- **TASK DETAILS**
The required output is an exact restatement of the lines, starting with the one that contains "Another example is" and finishing with the last line of the listing. It contains no pictures.

- **EXERCISE DATA**
* * * * * * *

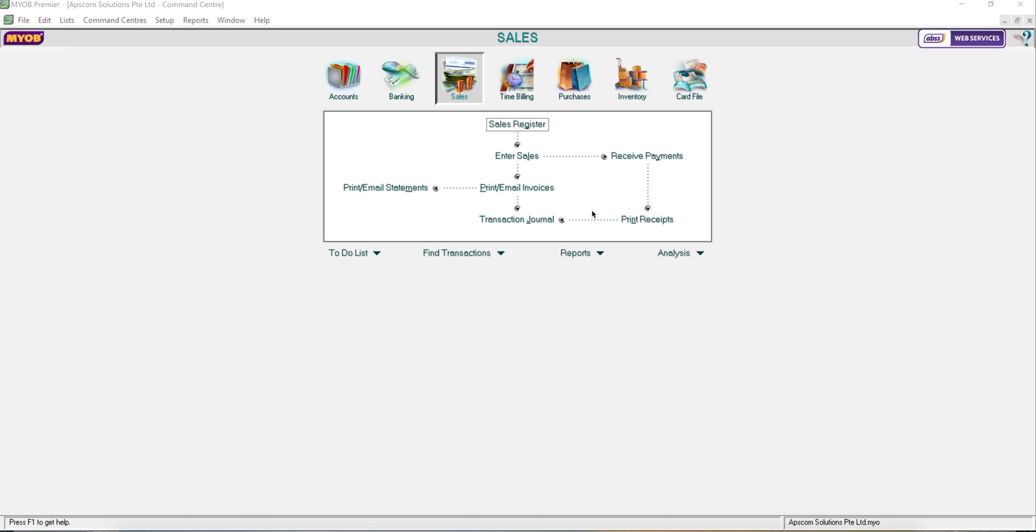Hi, this is Agnes here from AppsCom Solutions. Today I'm going to show you how to use credit note, how to generate credit note.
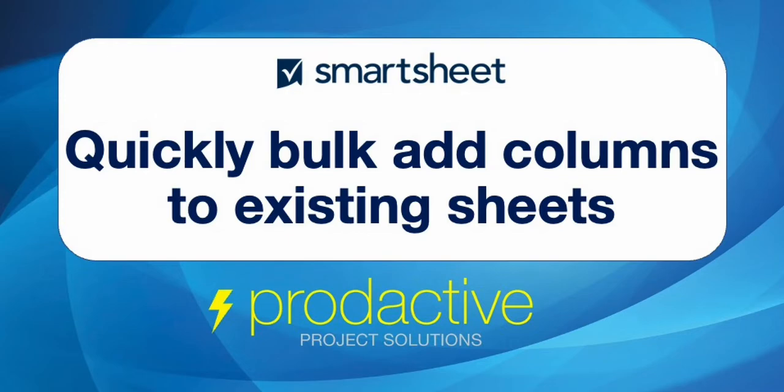Hi, this is Rich Coles from Productive Project Solutions. Here's a short video to show you a quick tip on how to quickly bulk add columns to existing sheets.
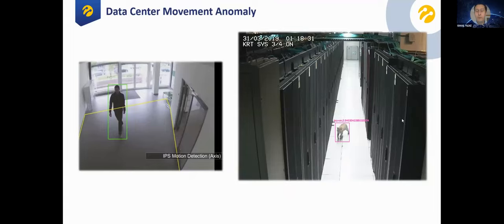Another example is movement anomaly detection. We can detect movement in our data center — for example, a cat on the premises — and identify the object of the movement. We can also detect regions that people should not enter, and all these detections create alarms for the related operations team.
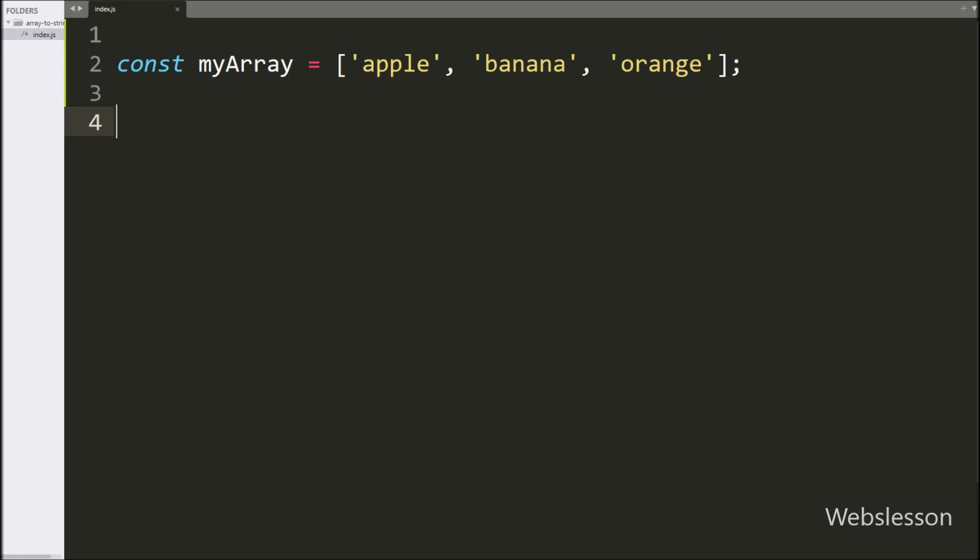Here in the code editor, we have a simple array of fruits like apple, banana, and orange.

* * * * * * *

- **WRITTEN ANSWER**
Another example is movement anomaly detection. We can detect movement in our data center — for example, a cat on the premises — and identify the object of the movement. We can also detect regions that people should not enter, and all these detections create alarms for the related operations team.
Here in the code editor, we have a simple array of fruits like apple, banana, and orange.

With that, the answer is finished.